Именно бюрократия заведует разрешениями от имени общества человеку быть человеком (общественным, разумеется).

Бюрократия – это не обязательно квадратные дядьки в костюмах и галстуках. Бюрократия – это сегодня и неолибералы-гомосексуалисты в джинсах и свитерах.

Помню, однажды одна депутат бундестага от фракции зеленых (естественно, лесбиянка) сказала мне: «Мы будем прививать гомосексуализм в немецких школах, чтобы понизить тестостерон, который создает угрозу нацизма».

Говорят, доктор Менгеле был вивисектором над живыми людьми – над десятками, может быть, сотнями несчастных узников.

А сознательное и проектируемое изменение психологии и биологии миллионов – как назовем?

Итак, Запад идет к тому, что человек, как он понимался на протяжении истории («дьявол с Богом борется, а поле битвы – душа человеческая»), больше так пониматься не должен.

Ни тебе дьявола, ни Бога – одна душа и предлагаемые этой душе и придуманные разными дядями и тетями «правовые коридоры» и психологические сценарии.

Поневоле укрепляешься в мысли, что монотеистическая религия, вера в единого Бога (иудаизм, христианство, ислам), поставившая человека в центр истории, есть величайшая форма защиты от этой уничтожающей человека силы.

Монотеизм говорит о человеке как о главном творении Бога, как о Его наместнике на Земле.

Я даже не обсуждаю сейчас, есть Бог или нет. Я говорю о том, что в монотеистических цивилизациях этот тезис является своего рода защитной грамотой каждого человека от всеобъемлющего желания общества подчинить себе человека до самой последней его мысли и чувства.

Религия есть свобода от человека ничем и никак неотъемлемая.

В финале оруэлловского ужаса «1984» главный герой, признавшись под пытками, что он агент всех разведок и террорист всех терактов, отпускается палачами только тогда, когда под страхом перед крысами, способными выгрызть ему глаза, предает возлюбленную: «Не меня – Джулию!»

И палачи его отпускают. Он им больше не нужен – в нем нет личного, нет тайного укрытия любви, делавшего его иным, антиобщественным…

Он встречает возлюбленную и понимает, что она тоже предала его, – герои Оруэлла сломаны, и у них больше нет личной тайны. Они полностью принадлежат обществу, и у них больше нет от него защиты.

Сила монотеистической религии в том, что Бога предать невозможно – даже отрекаясь от Него, человек способен вернуть Его себе в любую секунду. Простыми словами: «Прости меня!»

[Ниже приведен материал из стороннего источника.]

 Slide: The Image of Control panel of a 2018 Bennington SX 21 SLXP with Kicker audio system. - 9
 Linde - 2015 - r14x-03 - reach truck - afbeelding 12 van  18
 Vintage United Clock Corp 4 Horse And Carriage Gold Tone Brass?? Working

А вместе с Ним вернуть и свободу – быть грешным или праведным, но самим собой, а не таким, как прикажет партия или парламент с газетами и телевидением.

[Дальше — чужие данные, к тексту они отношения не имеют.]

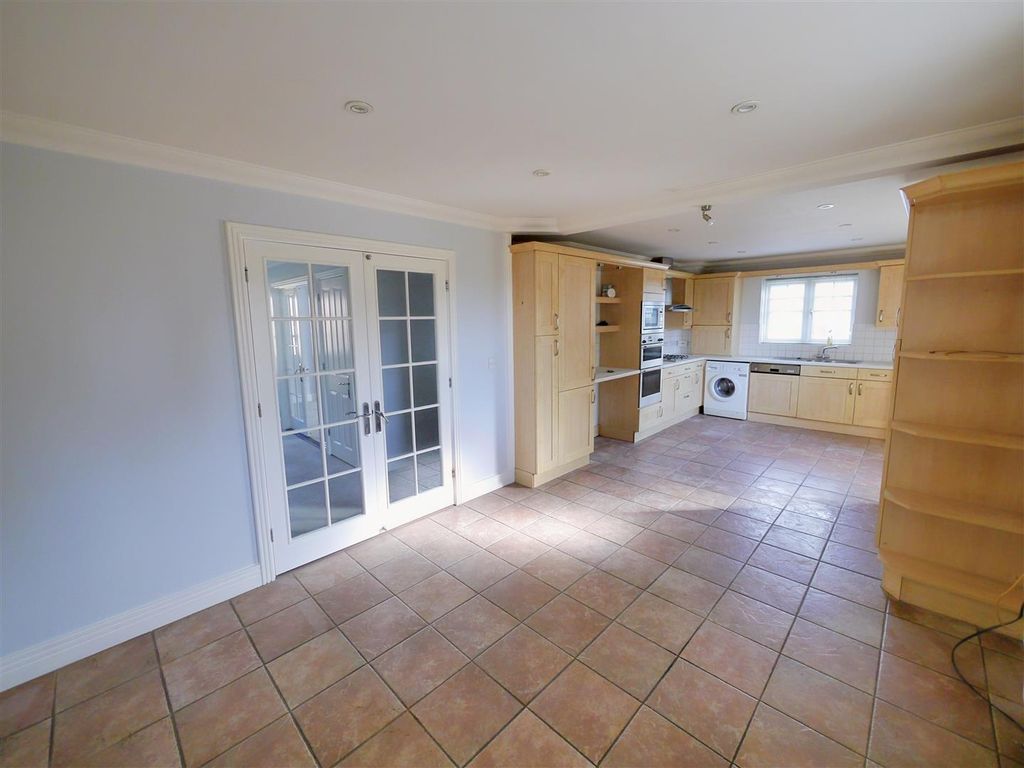 Property photo 3 of 17 Kitchen/Diner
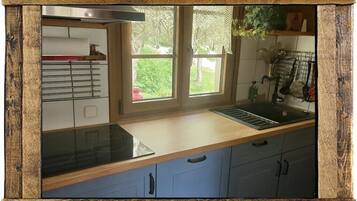 Wasserkocher mit Kaffee-/Teezubehör, Kühlschrank, Mikrowelle, Herdplatte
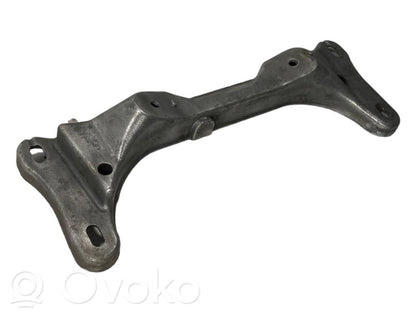 Кронштейн крепления трансмиссии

И никому об этом чуде не докладывать и не сообщать. Эта свобода принадлежит только ему – человеку, решившемуся поверить.

Россия сопротивляется Западу и тому, что там происходит, пока по инерции.

Наши начальники всех мастей инстинктивно чувствуют – что-то не так. Сомневаются и не верят глазам и ушам своим. Понимают спинным мозгом, что, имея дело с Западом, они имеют дело с чем-то страшным, что уже никогда не отпустит.

Но ведь на Западе так комфортно и клево – там деньги и удовольствия, там статус и технологии…

Плата за вход – разум, как прочитал однажды герой Германа Гессе на воротах, нарисованных на стене. Я скажу так: плата за вход – ты сам.

Уверен, что идеология сопротивления этому злу нового либерального тоталитаризма будет развиваться и формулироваться именно здесь, в России.

Только в ней три монотеистические религии встречаются и находят возможность приемлемого и равного диалога об общем кошмаре, наползающем на человека.

Важно только понять, что из невнятного ощущения неприемлемости легализации «голубых» по пацанским принципам необходимо пройти путь до философского и политического осмысления того, почему мы – люди, а они там, похоже, уже не совсем.